Why militancy is a challenge in Balochistan
The militants' strategy makes their activity in Balochistan especially problematic.
"Militants are using populated areas as their cover, and in the past few weeks we have foiled a number of terrorists' plots," Maqbool said. "Banned organisations are spreading terror in Quetta, Khuzdar, Bolan, Mashkay, Turbat and Makran by carrying out bombings, kidnappings for ransom, target killings and other anti-state activities. The on-going operation aims to end violence and the militants' anti-peace campaign in the region."
"Balochistan has multi-dimensional problems that have been created by unrest in the political situation, targeted killings, sectarianism and extremism," senior defence analyst Lt. Gen. (ret.) Talat Masood told Central Asia Online. "It is important that all groups including extremists come to the negotiating table."
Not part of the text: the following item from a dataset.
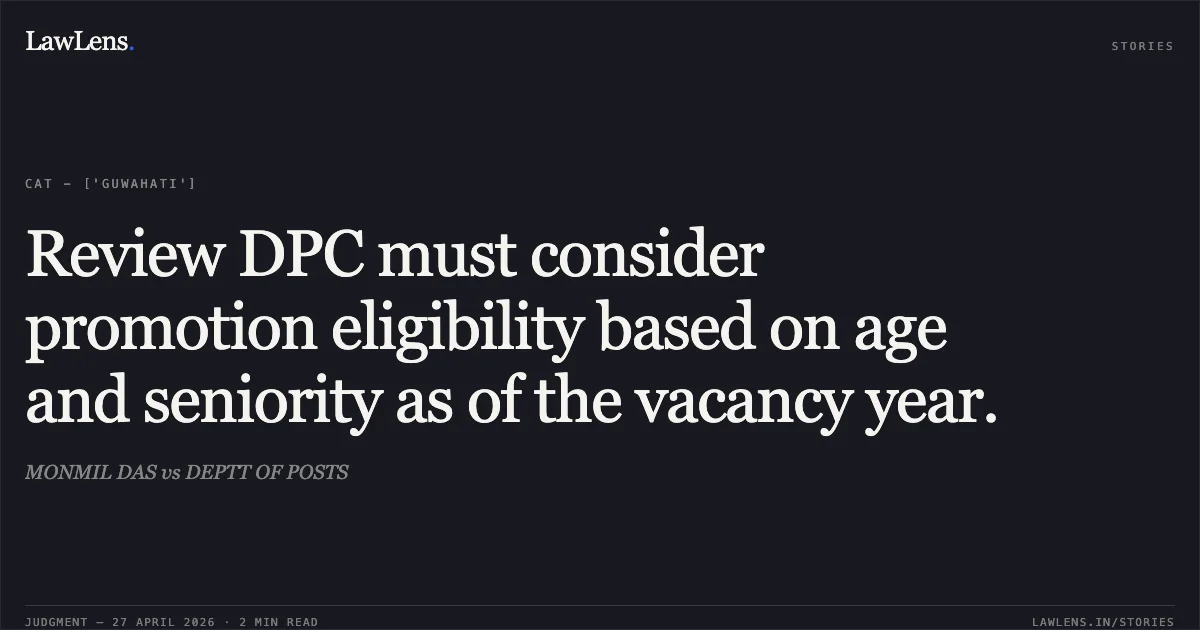 Review DPC must consider promotion eligibility based on age and seniority as of the vacancy year.. MONMIL DAS vs DEPTT OF POSTS. Central Administrative Tribunal. LawLens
"Our problems are political and economic," he said. "Both are related to each other; therefore, it is clear enough that the on-going war we are facing in Balochistan and the rest of the country is not ours. It was imposed on Pakistan. The whole nation will have to come together to get rid of this war."
As a response, Masood suggested that the federal government "promptly finalise its draft of the Anti-Terrorism Policy, because it is still facing uncertainty in terms of dealing with militants."
Baloch businesses welcome purge of militancy
Entrepreneurs expressed gratitude for the on-going effort.
"We are satisfied that the government is now taking serious measures for peace and harmony," Naseebullah Khan, leader of Traders Alliance Balochistan, told Central Asia Online. "The disturbed law-and-order situation has badly disrupted business in Quetta and the rest of the province. Bombings and targeted killings have caused heavy damages to our community, and no one is feeling himself secure."
He and others said the people want peace and stability and called for an eradication of terrorism.
"Peace is the primary demand," Muhammad Asad, owner of a trucking company that carries cargo between Quetta and Karachi, told Central Asia Online.
"Road transport in Balochistan – mainly in restive areas – is very insecure because of rebels' attacks," he said. "The government should deal with militants with an iron fist."
Militants under pressure
Authorities vow to keep up the pressure on the militants.
"Our government wants to settle all problems politically and has opened the doors for negotiations with the militants," Balochistan Chief Minister Dr. Abdul Malik Baloch said while addressing the Provincial Assembly last week.
"There is no denying that a great majority of the people of Balochistan are patriotic Pakistanis," he said, "and they cannot be estranged from the central decision-making process."
Federal Interior Minister Chaudhry Nisar Ali Khan, while acknowledging the intention to engage the militants in a peace dialogue, said that the "government will not compromise on its writ and peace."
"The angry Baloch leaders may have their grievances," he said but added that it would be erroneous to say that a situation of "anarchic disorder" would prevail in Balochistan. The government will continue to support law enforcement efforts, he said.
Nisar detailed some of the approaches being taken to wage the war against the militancy.
"The army will provide 5,000 SMGs [sub-machine guns] and special counter-terrorism training to the Balochistan Police, which will greatly enhance their progress," he said.
Pakistan is also working on the Anti-Terrorism Policy that Masood cited, Nisar said.